The idea, said Lavin Gonzales, of Unilever’s corporate communications, is “to keep the plastics in a loop.”
Instead of throwing away the sachets after using up the products they contain, consumers can instead keep and collect the plastic packets as part of the “Kolek, Kilo, Kita” (collect, weigh, earn) program launched on Saturday by the Manila city government, the Pasig River Rehabilitation Program, Unilever Philippines, Cemex and Republic Cement.
Targeted by the program is Tondo’s Vitas community, where the mostly indigent families live near the industrial shipyards lining Manila Bay.
Working mainly as scavengers, the residents here can only afford personal care products packaged in small plastic sachets often good for one or two uses. The empty sachets are usually thrown into open garbage dumps and are washed into the bay and surrounding waterways.
Instead of throwing away the single-use plastic, residents in Vitas, Tondo, can now collect the empty packets and exchange a kilo of them for P10 worth of Unilever products packaged in similar sachets. This is often equivalent to two sachets of shampoo, or a small bar of soap.
Residents who receive free products in plastic sachets can then keep and save the empty sachets for the next collection.
Waste to energy
The plastic wastes will be collected monthly in a designated point for each barangay zone and turned over to Cemex and Republic Cement. The discarded plastic will be used in the company’s waste-to-energy systems in a bid to switch from coal in its manufacturing process.
Unilever expressed hopes that the program would encourage consumers to collect the used sachets instead of discarding them as trash, knowing that they are equivalent to goods. The company believes that the program will help it achieve its 2025 goal of collecting more plastic than it is producing.
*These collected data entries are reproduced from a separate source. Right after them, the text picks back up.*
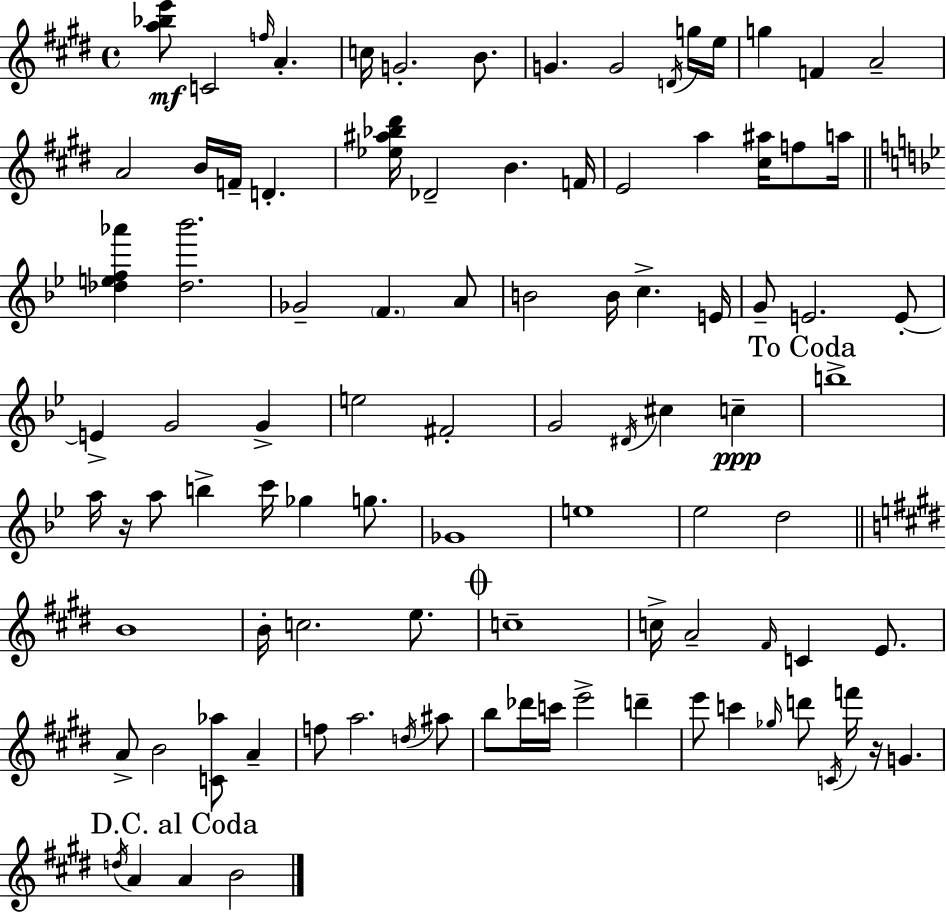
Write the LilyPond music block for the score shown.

{
  \clef treble
  \time 4/4
  \defaultTimeSignature
  \key e \major
  \repeat volta 2 { <a'' bes'' e'''>8\mf c'2 \grace { f''16 } a'4.-. | c''16 g'2.-. b'8. | g'4. g'2 \acciaccatura { d'16 } | g''16 e''16 g''4 f'4 a'2-- | \break a'2 b'16 f'16-- d'4.-. | <ees'' ais'' bes'' dis'''>16 des'2-- b'4. | f'16 e'2 a''4 <cis'' ais''>16 f''8 | a''16 \bar "||" \break \key bes \major <des'' e'' f'' aes'''>4 <des'' bes'''>2. | ges'2-- \parenthesize f'4. a'8 | b'2 b'16 c''4.-> e'16 | g'8-- e'2. e'8-.~~ | \break e'4-> g'2 g'4-> | e''2 fis'2-. | g'2 \acciaccatura { dis'16 } cis''4 c''4--\ppp | \mark "To Coda" b''1-> | \break a''16 r16 a''8 b''4-> c'''16 ges''4 g''8. | ges'1 | e''1 | ees''2 d''2 | \break \bar "||" \break \key e \major b'1 | b'16-. c''2. e''8. | \mark \markup { \musicglyph "scripts.coda" } c''1-- | c''16-> a'2-- \grace { fis'16 } c'4 e'8. | \break a'8-> b'2 <c' aes''>8 a'4-- | f''8 a''2. \acciaccatura { d''16 } | ais''8 b''8 des'''16 c'''16 e'''2-> d'''4-- | e'''8 c'''4 \grace { ges''16 } d'''8 \acciaccatura { c'16 } f'''16 r16 g'4. | \break \mark "D.C. al Coda" \acciaccatura { d''16 } a'4 a'4 b'2 | } \bar "|."
}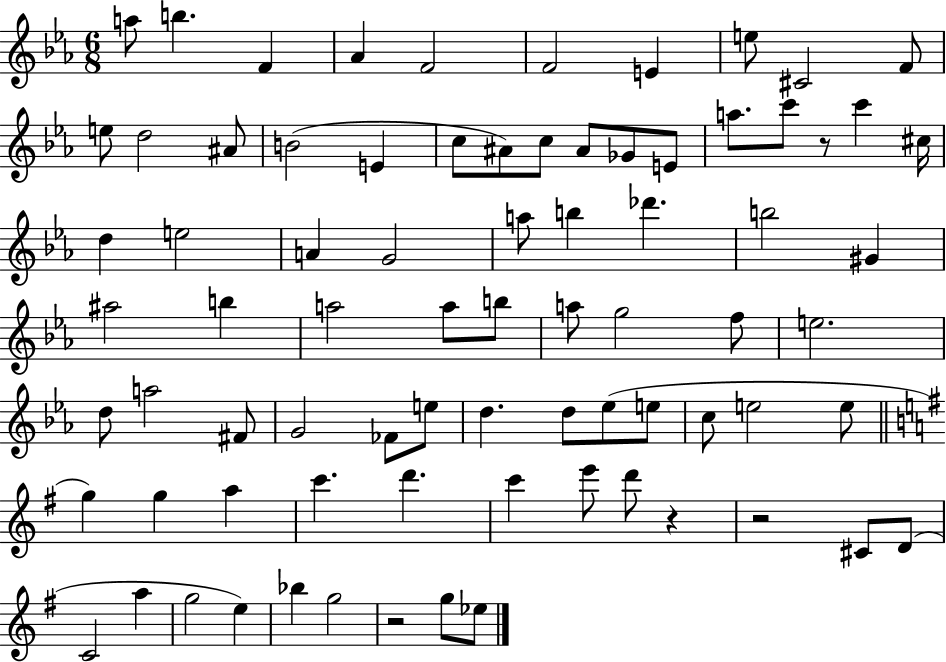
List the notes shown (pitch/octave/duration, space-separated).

A5/e B5/q. F4/q Ab4/q F4/h F4/h E4/q E5/e C#4/h F4/e E5/e D5/h A#4/e B4/h E4/q C5/e A#4/e C5/e A#4/e Gb4/e E4/e A5/e. C6/e R/e C6/q C#5/s D5/q E5/h A4/q G4/h A5/e B5/q Db6/q. B5/h G#4/q A#5/h B5/q A5/h A5/e B5/e A5/e G5/h F5/e E5/h. D5/e A5/h F#4/e G4/h FES4/e E5/e D5/q. D5/e Eb5/e E5/e C5/e E5/h E5/e G5/q G5/q A5/q C6/q. D6/q. C6/q E6/e D6/e R/q R/h C#4/e D4/e C4/h A5/q G5/h E5/q Bb5/q G5/h R/h G5/e Eb5/e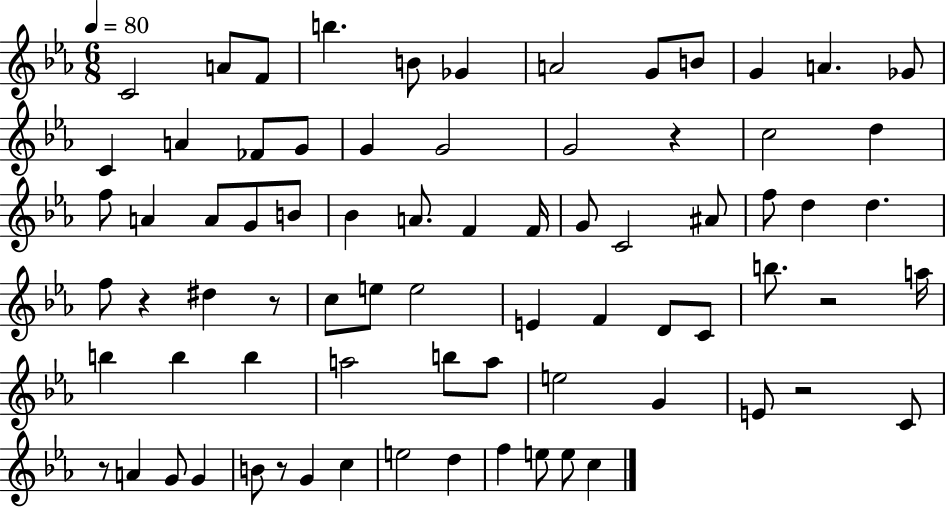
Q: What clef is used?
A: treble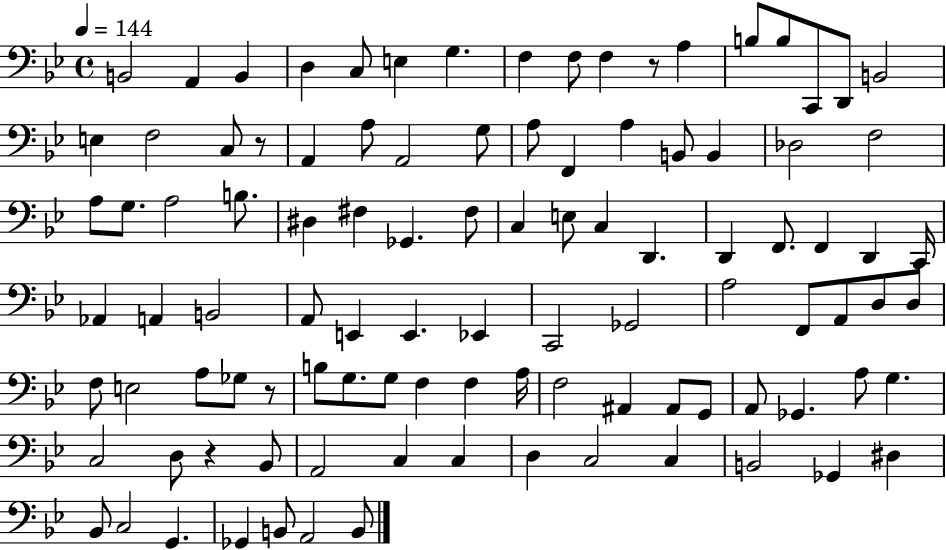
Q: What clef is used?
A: bass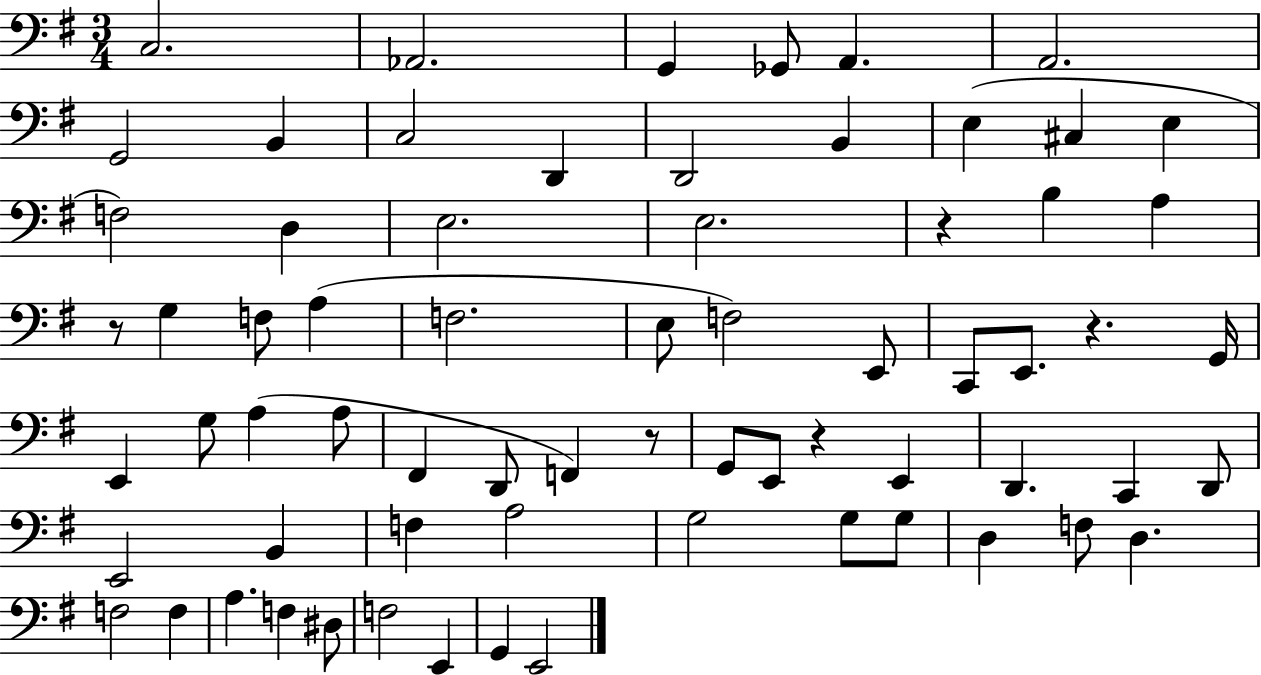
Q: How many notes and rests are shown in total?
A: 68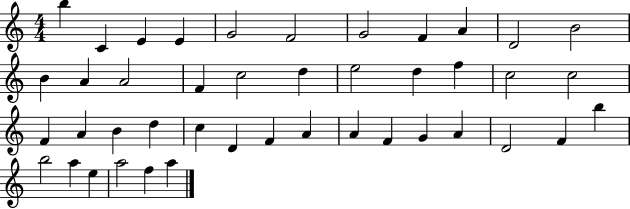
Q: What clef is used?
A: treble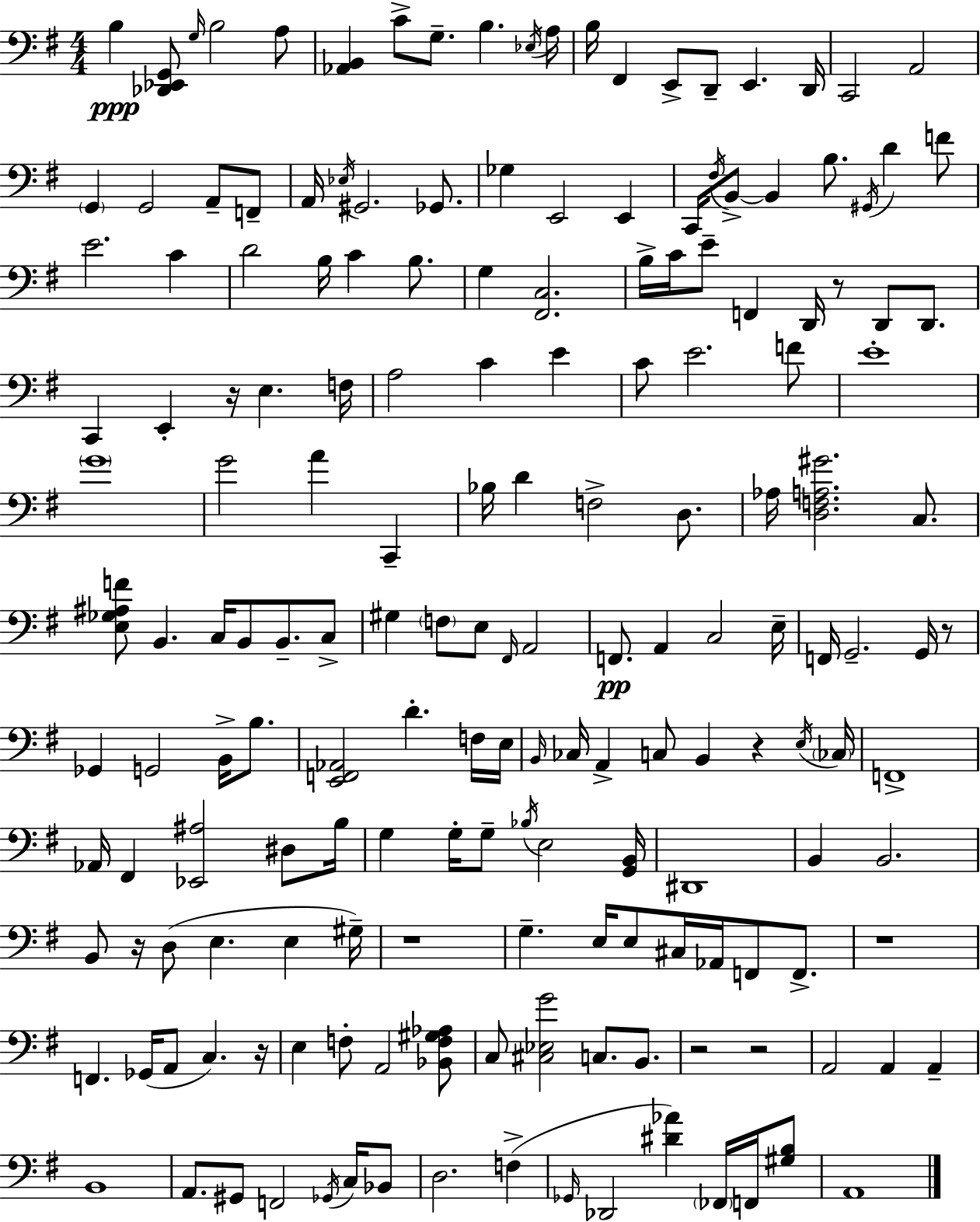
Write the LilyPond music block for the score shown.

{
  \clef bass
  \numericTimeSignature
  \time 4/4
  \key g \major
  b4\ppp <des, ees, g,>8 \grace { g16 } b2 a8 | <aes, b,>4 c'8-> g8.-- b4. | \acciaccatura { ees16 } a16 b16 fis,4 e,8-> d,8-- e,4. | d,16 c,2 a,2 | \break \parenthesize g,4 g,2 a,8-- | f,8-- a,16 \acciaccatura { ees16 } gis,2. | ges,8. ges4 e,2 e,4 | c,16 \acciaccatura { fis16 } b,8->~~ b,4 b8. \acciaccatura { gis,16 } d'4 | \break f'8 e'2. | c'4 d'2 b16 c'4 | b8. g4 <fis, c>2. | b16-> c'16 e'8-- f,4 d,16 r8 | \break d,8 d,8. c,4 e,4-. r16 e4. | f16 a2 c'4 | e'4 c'8 e'2. | f'8 e'1-. | \break \parenthesize g'1 | g'2 a'4 | c,4-- bes16 d'4 f2-> | d8. aes16 <d f a gis'>2. | \break c8. <e ges ais f'>8 b,4. c16 b,8 | b,8.-- c8-> gis4 \parenthesize f8 e8 \grace { fis,16 } a,2 | f,8.\pp a,4 c2 | e16-- f,16 g,2.-- | \break g,16 r8 ges,4 g,2 | b,16-> b8. <e, f, aes,>2 d'4.-. | f16 e16 \grace { b,16 } ces16 a,4-> c8 b,4 | r4 \acciaccatura { e16 } \parenthesize ces16 f,1-> | \break aes,16 fis,4 <ees, ais>2 | dis8 b16 g4 g16-. g8-- \acciaccatura { bes16 } | e2 <g, b,>16 dis,1 | b,4 b,2. | \break b,8 r16 d8( e4. | e4 gis16--) r1 | g4.-- e16 | e8 cis16 aes,16 f,8 f,8.-> r1 | \break f,4. ges,16( | a,8 c4.) r16 e4 f8-. a,2 | <bes, f gis aes>8 c8 <cis ees g'>2 | c8. b,8. r2 | \break r2 a,2 | a,4 a,4-- b,1 | a,8. gis,8 f,2 | \acciaccatura { ges,16 } c16 bes,8 d2. | \break f4->( \grace { ges,16 } des,2 | <dis' aes'>4) \parenthesize fes,16 f,16 <gis b>8 a,1 | \bar "|."
}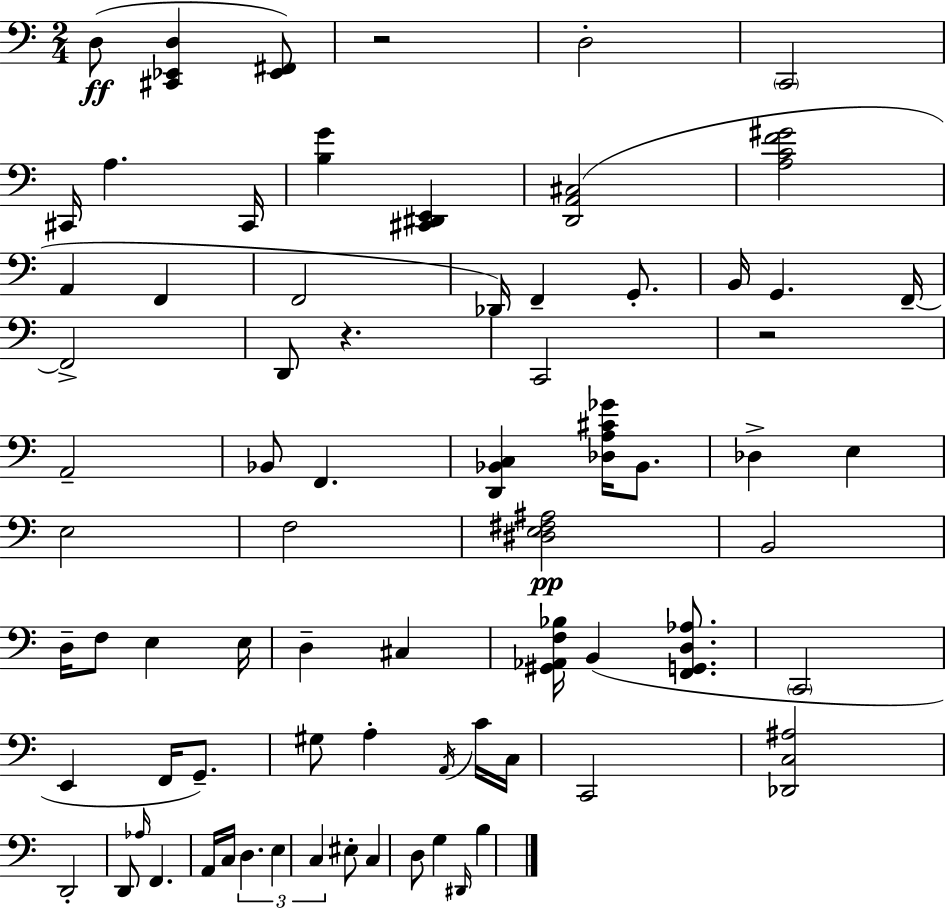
D3/e [C#2,Eb2,D3]/q [Eb2,F#2]/e R/h D3/h C2/h C#2/s A3/q. C#2/s [B3,G4]/q [C#2,D#2,E2]/q [D2,A2,C#3]/h [A3,C4,F4,G#4]/h A2/q F2/q F2/h Db2/s F2/q G2/e. B2/s G2/q. F2/s F2/h D2/e R/q. C2/h R/h A2/h Bb2/e F2/q. [D2,Bb2,C3]/q [Db3,A3,C#4,Gb4]/s Bb2/e. Db3/q E3/q E3/h F3/h [D#3,E3,F#3,A#3]/h B2/h D3/s F3/e E3/q E3/s D3/q C#3/q [G#2,Ab2,F3,Bb3]/s B2/q [F2,G2,D3,Ab3]/e. C2/h E2/q F2/s G2/e. G#3/e A3/q A2/s C4/s C3/s C2/h [Db2,C3,A#3]/h D2/h D2/e Ab3/s F2/q. A2/s C3/s D3/q. E3/q C3/q EIS3/e C3/q D3/e G3/q D#2/s B3/q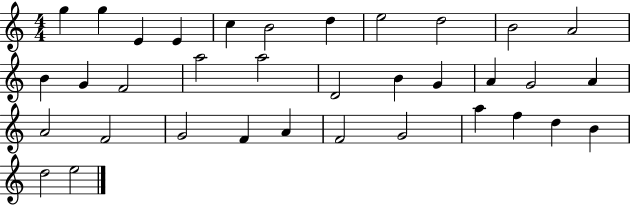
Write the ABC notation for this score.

X:1
T:Untitled
M:4/4
L:1/4
K:C
g g E E c B2 d e2 d2 B2 A2 B G F2 a2 a2 D2 B G A G2 A A2 F2 G2 F A F2 G2 a f d B d2 e2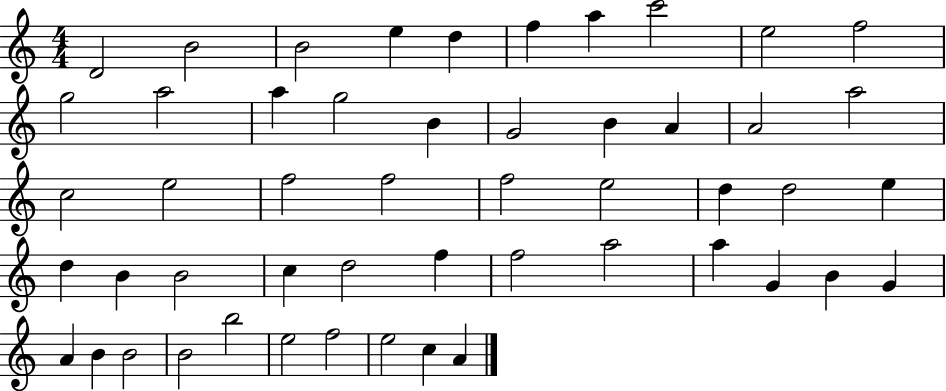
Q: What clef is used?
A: treble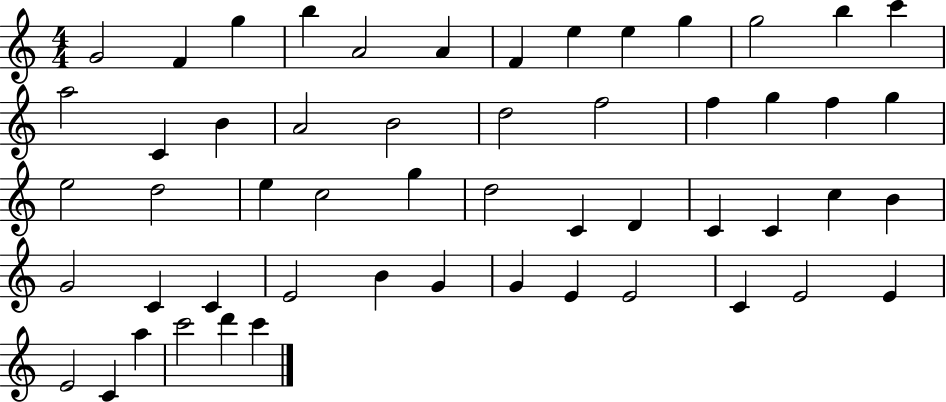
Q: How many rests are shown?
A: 0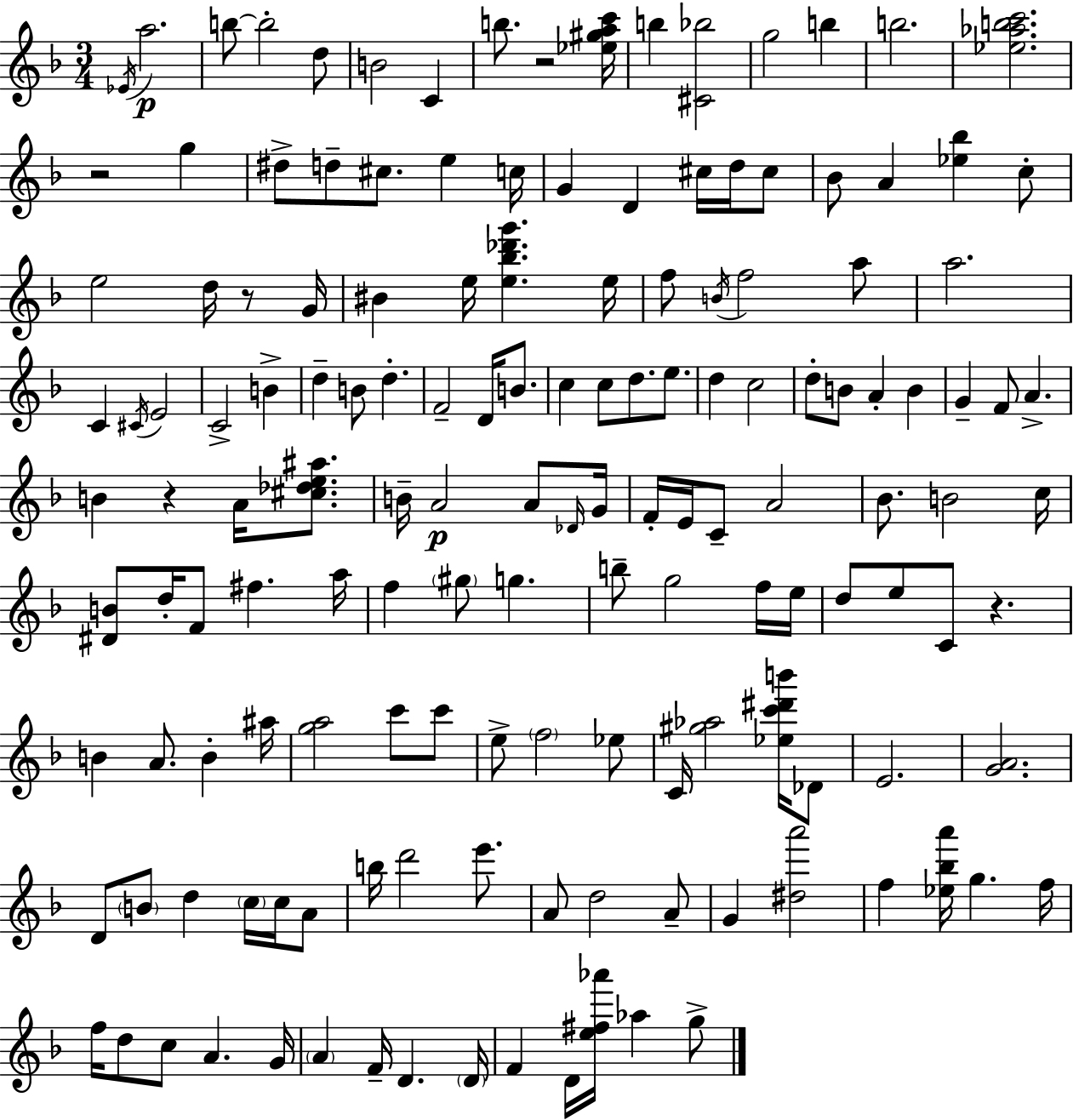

Unilever was among the multinational companies flagged in a recent global audit as one of the world’s top polluters, mainly because it packages most of its products in single-use sachets affordable to low-income economies like the Philippines.
The global audit report, titled Branded Volume II, aims to hold top corporate polluters accountable for their single-use packaging that harm the environment and for fostering a “disposable mentality” and “throwaway culture.”